Provision via Dashboard UI

The NVFLARE Dashboard UI is a new optional addition to NVIDIA FLARE introduced in version 2.2.1 that allows for the project administrator to deploy a website to gather information about the sites and distribute startup kits.

Introduction to NVFLARE Dashboard

You can install and run NVFLARE Dashboard UI using the dashboard CLI command, nvflare dashboard –start (stop with nvflare dashboard –stop).

For details on how to start Dashboard can be found here. The usage information for the Dashboard UI can be found here.

Once the dashboard is set up and the project is published, the start up kits for all the participants can be downloaded from the Dashboard.

Unlike the CLI provision, there is not as much customization option, as the information is captured by the Dashboard UI and default builders are used.

Compared to the CLI provision option, there is a much simplified effort in distribution of the startup kit, as each user downloads his own startup kit.

Note

It is important that the “startup” folder in each startup kit is not renamed because the code relies upon this for operation. Please note that a “transfer” directory and deployed applications will be created at the level of this “startup” folder. See the section on Internal folder and file structures for NVIDIA FLARE below for more details.
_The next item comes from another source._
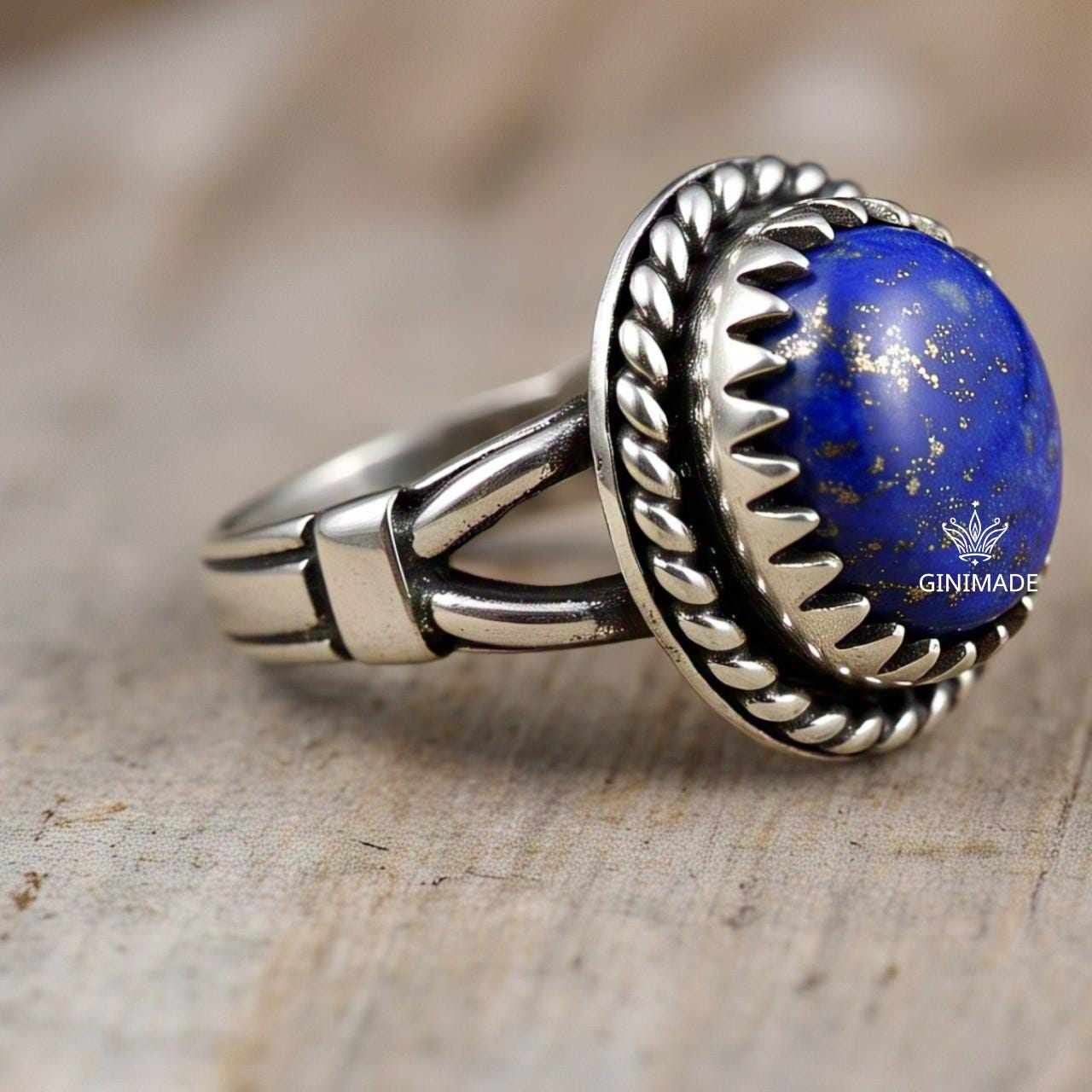 Lapis Lazuli Statement Ring – Vintage Style Sterling Silver Ring – Blue Gemstone Ring for Women – Boho Handmade Jewelry by Ginimade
Start: NVIDIA FLARE Package Deployment

There are multiple ways to deploy NVFLARE depending on use case:

  • On-premise

  • In the cloud

  • On bare-metal

  • On docker

  • On K8s

In this section, we will discuss how to deploy for different cases.

On-Premise Deployment

Local host deployment

Production mode, non-HA, secure, local

You can use the CLI provision command to generate a local production mode.

Docker mode

Use builder to generate docker-compose files to allow different dockers run locally. Similar to production mode, the server needs either to be localhost or one needs to modify /etc/hosts Run docker-compose up/down

Bare-metal deployment

To deploy on-premise, copy the startup package to each host machine then start with the start script.

Docker-based deployment

Docker: Build the docker image for each startup kit,

Then run docker run : docker run

See the details at Launching NVIDIA FLARE with docker compose.

Cloud Deployment

If you decide to leverage the public cloud (Azure or AWS) to deploy NVIDIA FLARE, the newly added cloud deployment features allow hybrid cloud deployment such as deployment of the FL Server at Azure and FL Clients in AWS, with another FL Client on premises for example.

See how to deploy to Azure and AWS clouds can be found in Cloud Deployment.
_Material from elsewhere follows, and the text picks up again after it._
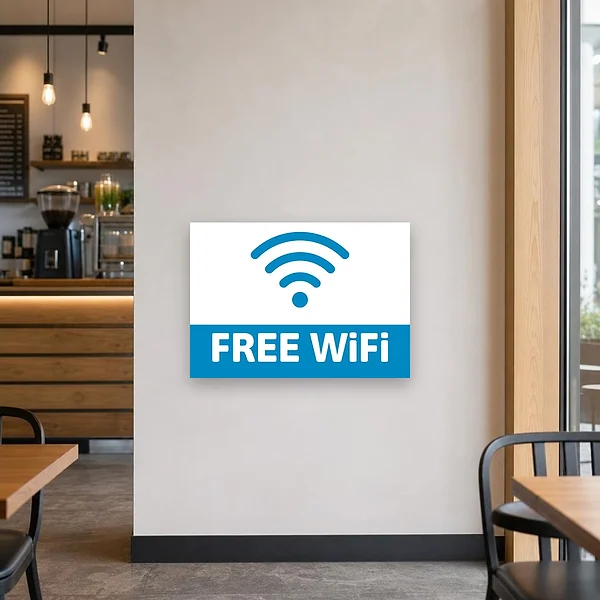 Anwendungsbeispiel eines Free Wi Fi Hinweisschilds an der Wand im Eingangsbereich eines Cafés für Gäste und Besucher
Deploy to Google Cloud will be made available in a future release.

Starting Federated Learning Servers

The FL Server will coordinate the federated learning training and be the main hub all clients and admin clients connect to.

In the package for each server, run the start.sh file from the “startup” folder to start the server.

The rootCA.pem file is pointed to by “ssl_root_cert” in fed_server.json. If you plan to move/copy it to a different place, you will need to modify fed_server.json. The same applies to the other two files, server.crt and server.key.

Note

When launching the FL server inside a docker with docker run, use --net=host to map hostname into that docker instance. For secure gRPC communication, the FL server has to bind to the hostname specified in the provisioning stage. Always make sure that hostname is what FL server can bind to. Additionally, the port that the server communicates on must also not be blocked by any firewalls.

If clients from other machines cannot connect to the server, make sure that the hostname (name of the server under participants in project.yml) specified when generating the startup kits in the provisioning process resolves to the correct IP. If the FL server is on an internal network without a DNS hostname, in Ubuntu, an entry may need to be added to /etc/hosts with the internal IP and the hostname.

Starting Federated Learning Clients

Each site participating in federated learning training is a client. Each package for a client is named after the client name specified when provisioning the project.

In the package for each client, run start.sh from the “startup” folder to start the client.

Tip

You need to first install NVIDIA FLARE package before running the start.sh shell script. NVIDIA FLARE is available on PyPi and can be installed with python3 -m pip install nvflare.

Depending on the deployed application which shall start later, your environment may need some additional Python packages. If you haven’t installed them, do it after you install NVIDIA FLARE. NVIDIA FLARE does not dictate your deep learning environments. It’s completely up to you to set it up.

Note

Coordination for where to mount the data may be needed depending on where the dataset is located in the application to be deployed.

The rootCA.pem file is pointed to by “ssl_root_cert” in fed_client.json. If you plan to move/copy it to a different place, you will need to modify fed_client.json. The same applies to the other two files, client.crt and client.key.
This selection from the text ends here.